Update: If you speak Russian, there's a translation of this article by Vlad Brown on HTR.
Cyclic Data Structures and Reference Counting in Python
We saw last time that Python uses an integer value saved inside of each object, known as the reference count, to keep track of how many pointers reference that object. Whenever a variable or other object in your program starts to refer to an object, Python increments this counter; when your program stops using an object, Python decrements the counter. Once the reference count becomes zero, Python frees the object and reclaims its memory.
Since the 1960s, computer scientists have been aware of a theoretical problem with this algorithm: if one of your data structures refers to itself, if it is a cyclic data structure, some of the reference counts will never become zero. To better understand this problem let’s take an example. The code below shows the same Node class we used last week:
We have a constructor (these are called __init__ in Python) which saves a single attribute in an instance variable. Below the class definition we create two nodes, ABC and DEF, which I represent using the rectangles on the left. The reference count inside both of our nodes is initially one, since one pointer (n1 and n2, respectively) refers to each node.

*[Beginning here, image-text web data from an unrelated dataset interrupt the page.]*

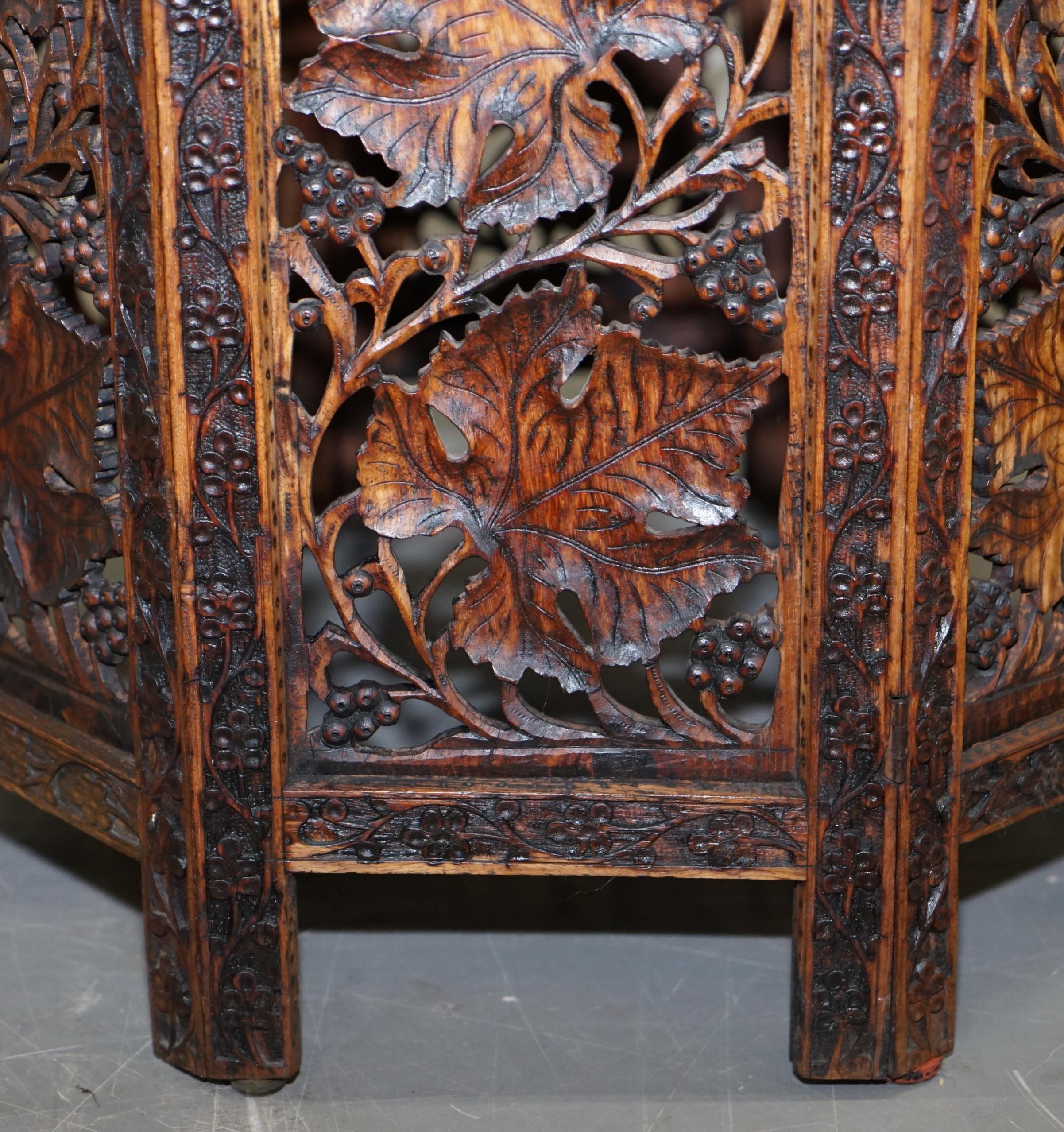 Large Hand Carved Burmese Hardwood Antique Octagonal Side End Lamp Wine Table 5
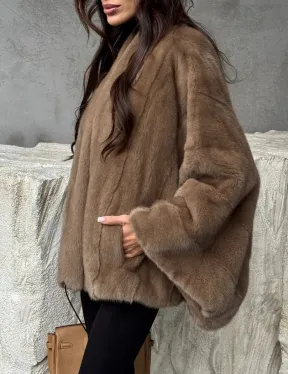 Норковое пончо с рукавами «летучая мышь» - фото 4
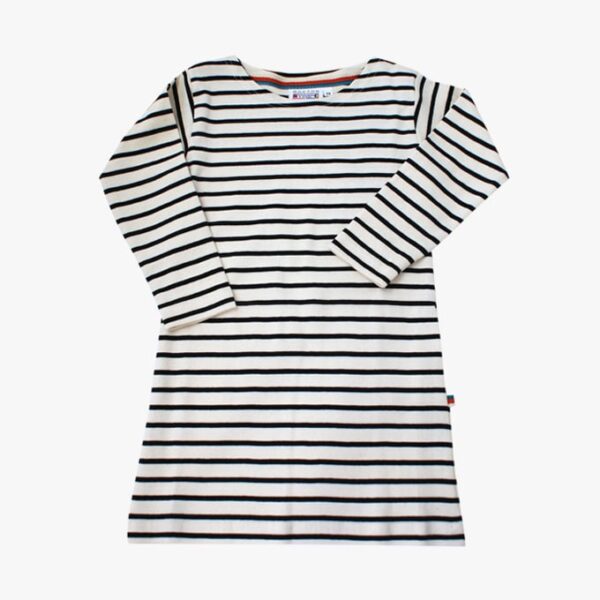 Gestreiftes Kinderkleid in der Farbe Naturel - Marineblau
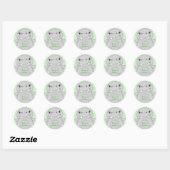 Hippo Baby shower Green Ronde Sticker (Vel)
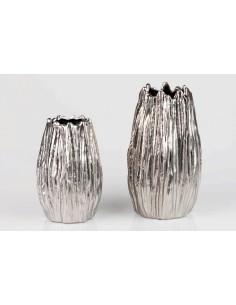 Florero ceramica plateado 2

Now let’s define two additional attributes in our nodes, next and prev:
Unlike in Ruby, using Python you can define instance variables or object attributes on the fly like this. This seems like a bit of interesting magic missing from Ruby. (Disclaimer: I’m not a Python developer so I might have some of the nomenclature wrong here.) We set n1.next to reference n2, and n2.prev to point back to n1. Now our two nodes form a doubly linked list using a circular pattern of pointers. Also notice that the reference counts of both ABC and DEF have increased to two. There are two pointers referring to each node: n1 and n2 as before, and now next and prev as well.
Now let’s suppose our Python program stops using the nodes; we set both n1 and n2 to null. (In Python null is known as None.)
Now Python, as usual, decrements the reference count inside of each node down to 1.
Generation Zero in Python
Notice in the diagram just above we’ve ended up with an unusual situation: We have an “island” or a group of unused objects that refer to each other, but which have no external references. In other words, our program is no longer using either node object, therefore we expect Python’s garbage collector to be smart enough to free both objects and reclaim their memory for other purposes. But this doesn’t happen because both reference counts are one and not zero. Python’s reference counting algorithm can’t handle objects that refer to each other!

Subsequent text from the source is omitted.